• _Assignment_
In the records below, the line containing "Makita 18V LXT" is the first to keep. Retype it and all later lines exactly, through the end.

• _Provided entries_
────────

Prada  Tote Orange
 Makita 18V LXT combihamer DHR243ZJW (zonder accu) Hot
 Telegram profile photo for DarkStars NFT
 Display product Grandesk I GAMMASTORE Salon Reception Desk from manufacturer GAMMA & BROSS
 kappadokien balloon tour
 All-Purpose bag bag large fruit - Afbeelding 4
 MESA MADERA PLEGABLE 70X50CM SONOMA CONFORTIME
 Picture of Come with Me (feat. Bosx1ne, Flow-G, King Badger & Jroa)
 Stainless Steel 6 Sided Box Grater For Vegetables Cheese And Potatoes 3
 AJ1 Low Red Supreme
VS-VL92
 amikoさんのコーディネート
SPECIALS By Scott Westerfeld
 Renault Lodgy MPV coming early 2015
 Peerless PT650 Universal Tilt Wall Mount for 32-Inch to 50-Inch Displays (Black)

────────

• _Expected output_
 Makita 18V LXT combihamer DHR243ZJW (zonder accu) Hot
 Telegram profile photo for DarkStars NFT
 Display product Grandesk I GAMMASTORE Salon Reception Desk from manufacturer GAMMA & BROSS
 kappadokien balloon tour
 All-Purpose bag bag large fruit - Afbeelding 4
 MESA MADERA PLEGABLE 70X50CM SONOMA CONFORTIME
 Picture of Come with Me (feat. Bosx1ne, Flow-G, King Badger & Jroa)
 Stainless Steel 6 Sided Box Grater For Vegetables Cheese And Potatoes 3
 AJ1 Low Red Supreme
VS-VL92
 amikoさんのコーディネート
SPECIALS By Scott Westerfeld
 Renault Lodgy MPV coming early 2015
 Peerless PT650 Universal Tilt Wall Mount for 32-Inch to 50-Inch Displays (Black)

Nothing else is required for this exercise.